OK, so we're home, but you've seen enough pictures of our place in Moscow, so I thought I'd put up one more blog post about our time in Germany. We had a great time there, though we're glad to be back home on the way to resolving all our paperwork issues (until next year, of course, when we have to do it all over again!). Anyway, this last week we left my family's place in Mundelsheim and went over to visit a friend of ours, so we'll catalog our last week in Germany in these pictures.
One of the things we enjoyed most about being in Germany for this time was actually getting a "fall" season. In Russia, it seems like it goes almost directly from summer to winter, with a brief transition period thrown in there, and we miss the gradual cooling and leaves changing that you get everywhere else. Of course, this threw B into a photo-taking frenzy of leaves, and I'll leave her to put up a post with all her "fall color" pictures. However, I liked these ones of the boys, so I thought I'd throw them in:
No socks and shoes! Our Russian friends will probably freak out, but it wasn't that cold. Then, she took advantage of Matthew starting to sit up to get this one:
Steven went through a brief phase after our journey where his favorite things were trains, but now he's all about tractors. He even tried to drive this one.
So, after staying for almost 4 weeks with my family in Mundelsheim, we received our visas and went for a long weekend with our friend Anne, who lives near the Czech border in Bavaria. She is hoping to come work with us after she completes her training, so it was really good to get to spend some time together.
Fortunately, she was on break from her classes, so we got to make a few day trips out to see the countryside. The first day, we drove down to visit this castle in the town of Kulmbach.
This is the view from the top up there, with B and Anne:
When I was little, my family traveled through Germany on our way back from Indonesia, where we'd been living. We have a picture of my little brother inside a cannon from a visit to a castle, with just his head sticking out. We couldn't find a big enough cannon to replicate the shot, so we put Steven on top of this cannon instead. He got so excited!
Inside the castle walls the ivy in this courtyard was changing color to a brilliant red.
We enjoyed the Bavarian food while we were there, as well. I took a picture of our feast from our trip to a local restaurant. On the left, there are pork chops and bread balls (impossible to explain, but excellent!) in a horseradish sauce, then the omnipresent wurst and sauerkraut, then on the right is a roasted pork leg and potato balls. All of it was delicious!
One of the other things we did there was just to tour the town of Hof. They have a landmark collection of street signs from all over the world. Here I'm pointing to a sign for a town called "Brasilien" (I was born in Brasil) and B's standing near "Amerika," which is also apparently a town somewhere in Germany. If I had more space, I could post a bunch more pictures of all the signs, including one from Rocky Mount, a town near where B's parents live.

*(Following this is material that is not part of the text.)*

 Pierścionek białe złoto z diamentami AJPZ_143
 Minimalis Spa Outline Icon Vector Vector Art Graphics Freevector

We also enjoyed a trip to the zoo. Steven might have enjoyed the slide even better than the animals:
He did enjoy the animals, though. He's been learning all the animal noises lately, so he got to practice a bunch of them and learn some new ones. Here he's feeding the goats.

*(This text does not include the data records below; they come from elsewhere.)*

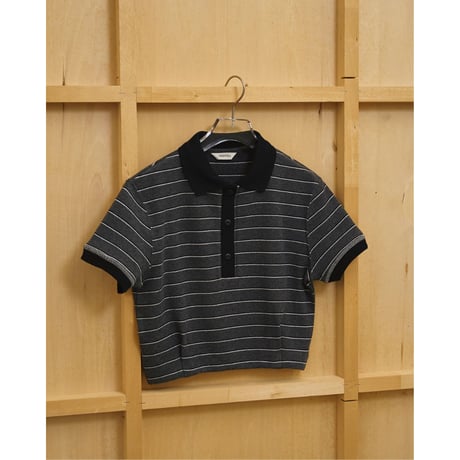 【TODAYFUL】Border Polo Tops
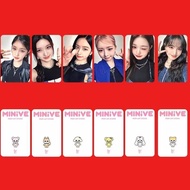 IVE Minive Park โฟโต้การ์ดแบบ Pop Up Store Yujin Wonyoung Liz Rei โฟโต้การ์ด6ชุดต่อชุด
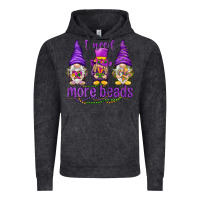Vintage Black I need more beads with gnomies Vintage Hoodie - HowdyJamesFarm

Matthew didn't get into it too much, but the monkeys that ran free inside the conservatory-thingy looked him over carefully. Finally, we realized that they were captivated by his rattle, so B offered it to one. He almost took her up on it, too.
Steven hadn't experienced a trampoline before, and even though he can't jump yet, he loved being held while we did. When do kids get big enough to jump (from a level surface), anyway? It seems odd to me that he can run around without problems but can't get it together to get both legs off the ground at the same time.
OK, so that's about it. I'll leave you with this picture of B and the boys and the answer to last week's question. No points for anyone; we only had one guess!
The sign in question was the "no speed limit" sign. They actually still have them on the German autobahn. We got to experience a little of this, as our friend's dad actually came to pick us up in his Audi Quattro. I had never been above 105 miles/hour (about 170 km/hr) in my life, but he quickly put that to shame. We averaged around 130 m/hr (200 km/hr), I'd say, though he briefly went up to 160 + mph (260 km/hr). It was unbelievable to me that you can drive that fast legally, but people seem to be very good drivers and we didn't see any major accidents ourselves. I just remember a friend in the US paying lots of money to have a "NASCAR experience" and not going over 150, so I had to laugh that we got to do it for free there.